As for what actually "works", one measure is not whether one produces journal entries (however insightful), but how journalling helps with minding one's life -- in the same way that anticipating a dialog with a therapist or friend might lead one to temper one's own dialog (or conversely, how worrying about what people think might be inhibiting).
I do think that imagining oneself in a constant dialog with Socrates could be illuminating.
Some interlocutors are direct, correcting faults or encouraging you. But the best teachers use indirection, setting you a challenge that should break you of a bad habit or push you to realize a mistake or integrate some insight (Nietzsche intimated that enemies can be better than friends in this regard). People who posit that everything happens for a reason (or, as Thales said, the world is intelligible) do a reflexive form of this, challenging themselves to find that insight or truth.
Similarly, some interlocutors are careful to not inject their own positive bias, but eager to protect against errors; e.g., "the unexamined life is not worth living" says little about what kind of examination helps. That creates essential space for one's own agency.
Ultimately, you create your world, even if you have no choice, so be at least as kind and forgiving as you are critical and diligent.
By the way, in addition to occasionally writing a personal journal entry, I also really enjoy keeping notes on my thoughts on the books I read, whether fiction or non-fiction. I love flipping back and seeing what I was going through while reading a really good story, and reminding myself who the characters were, and seeing the important points to remember of some technical material. All good stuff :)
But it is probably different for people who are happier with their lives.

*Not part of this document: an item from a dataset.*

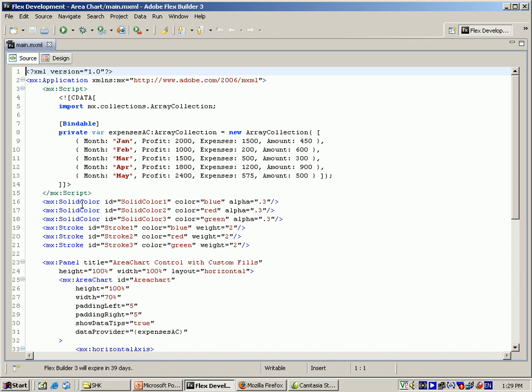After the script, I am giving solid color which has the id solid color one. Like that I am giving three solid colors with blue, red, green. And for the strokes I am giving three strokes which has the color blue, red, green and the weight as well. For the panel I am giving the area chart control with custom fields which has the layout horizontal.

The structuring of your thoughts and emotions, by nature, forces a certain amount of meta cognition and distance from your feelings as you can more easily identify and further think about the insights, inconsistencies, etc. You have a scaffolding that you can continue to build on or rebuild.
Beyond the immediate thinking, it's also interesting to see how the thoughts on something change over time or how they relate to other topics. Now, I'm thinking about my thinking rather than just focusing on the immediate topic.
Deep thinking without a sense of permanence can be great as a start of ideas. You need a low cost way for ideas to form where you can pick the most promising ones for more introspection. But without permanence, there's this danger that you get lost in your half-formed thoughts because it has a lot of "feel" in it and makes it hard to build on or critique. There's a danger that you end up going down an Escher staircase mentally and emotionally that seems like the logical, immediate thing to do but is a contradiction at a higher level.